- Task goal
Nothing below is to be printed except the lines between the line holding "5 Bedroom Property" and the line holding "Gepflegte Wohnung mit", inclusive, each exactly as it appears.

- Records
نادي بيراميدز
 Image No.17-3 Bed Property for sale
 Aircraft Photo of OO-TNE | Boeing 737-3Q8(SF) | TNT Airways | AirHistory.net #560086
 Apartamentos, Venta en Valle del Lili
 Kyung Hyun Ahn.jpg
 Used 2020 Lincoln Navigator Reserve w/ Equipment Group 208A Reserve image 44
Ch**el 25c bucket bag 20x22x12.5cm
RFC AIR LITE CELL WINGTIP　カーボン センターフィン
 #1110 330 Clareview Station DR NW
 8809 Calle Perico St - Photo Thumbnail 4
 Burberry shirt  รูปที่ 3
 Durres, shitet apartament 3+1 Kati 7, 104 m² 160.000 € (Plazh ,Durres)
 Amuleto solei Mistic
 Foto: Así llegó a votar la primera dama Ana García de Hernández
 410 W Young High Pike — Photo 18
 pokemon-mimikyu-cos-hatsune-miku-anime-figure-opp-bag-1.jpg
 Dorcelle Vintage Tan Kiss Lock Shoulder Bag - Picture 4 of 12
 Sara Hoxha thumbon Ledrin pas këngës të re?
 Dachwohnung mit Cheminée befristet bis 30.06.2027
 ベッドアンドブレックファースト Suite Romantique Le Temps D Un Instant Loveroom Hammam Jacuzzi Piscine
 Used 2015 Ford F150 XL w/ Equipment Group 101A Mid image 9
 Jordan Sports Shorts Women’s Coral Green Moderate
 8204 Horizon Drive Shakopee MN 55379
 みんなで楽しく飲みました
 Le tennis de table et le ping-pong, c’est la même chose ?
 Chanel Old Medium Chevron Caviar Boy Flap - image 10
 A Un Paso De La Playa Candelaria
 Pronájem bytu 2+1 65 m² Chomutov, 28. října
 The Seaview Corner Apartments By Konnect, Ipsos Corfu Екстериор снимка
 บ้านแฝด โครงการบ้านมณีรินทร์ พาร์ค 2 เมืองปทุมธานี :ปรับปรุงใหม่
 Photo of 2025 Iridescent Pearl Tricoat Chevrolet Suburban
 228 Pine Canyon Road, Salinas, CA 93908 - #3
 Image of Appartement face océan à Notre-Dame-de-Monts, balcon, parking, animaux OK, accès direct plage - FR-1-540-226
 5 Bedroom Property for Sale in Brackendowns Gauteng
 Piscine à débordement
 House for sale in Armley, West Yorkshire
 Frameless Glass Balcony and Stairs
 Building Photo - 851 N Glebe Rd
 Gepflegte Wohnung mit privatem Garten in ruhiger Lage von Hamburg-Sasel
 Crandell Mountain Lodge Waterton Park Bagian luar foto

- Answer for this exercise
 5 Bedroom Property for Sale in Brackendowns Gauteng
 Piscine à débordement
 House for sale in Armley, West Yorkshire
 Frameless Glass Balcony and Stairs
 Building Photo - 851 N Glebe Rd
 Gepflegte Wohnung mit privatem Garten in ruhiger Lage von Hamburg-Sasel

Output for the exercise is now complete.